Noah is going to invest in an account paying an interest rate of \( 7 \% \) compounded continuously. How much would Noah need to invest, to the nearest hundred dollars, for the value of the account to reach \( \$ 12,900 \) in 10 years?

To solve this problem, we can use the formula for continuous compounding, which is given by: \[ A = Pe^{rt} \] where: - \( A \) is the amount of money accumulated after n years, including interest. - \( P \) is the principal amount (the initial amount of money). - \( r \) is the annual interest rate (decimal). - \( t \) is the time the money is invested for, in years. - \( e \) is the base of the natural logarithm (approximately equal to 2.71828).

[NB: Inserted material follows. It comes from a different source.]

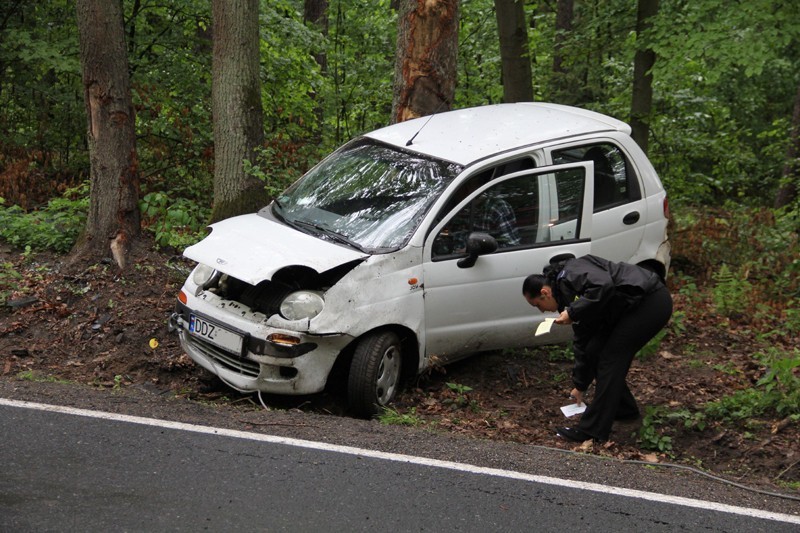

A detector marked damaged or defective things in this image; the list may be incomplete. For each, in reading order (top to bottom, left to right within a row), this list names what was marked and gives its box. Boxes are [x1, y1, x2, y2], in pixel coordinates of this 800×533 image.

dented car hood [183, 213, 368, 286]
crashed white hatchback [172, 101, 672, 416]
damaged front bumper [169, 300, 354, 394]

We know: - \( A = 12,900 \) - \( r = 0.07 \) - \( t = 10 \) We need to solve for \( P \): \[ 12,900 = P e^{0.07 \times 10} \] Calculating \( e^{0.7} \): \[ e^{0.7} \approx 2.01375 \] Now, substituting this back into the equation: \[ 12,900 = P \times 2.01375 \] To find \( P \): \[ P = \frac{12,900}{2.01375} \approx 6,397.52 \] Rounding to the nearest hundred dollars, Noah would need to invest approximately **$6,400**.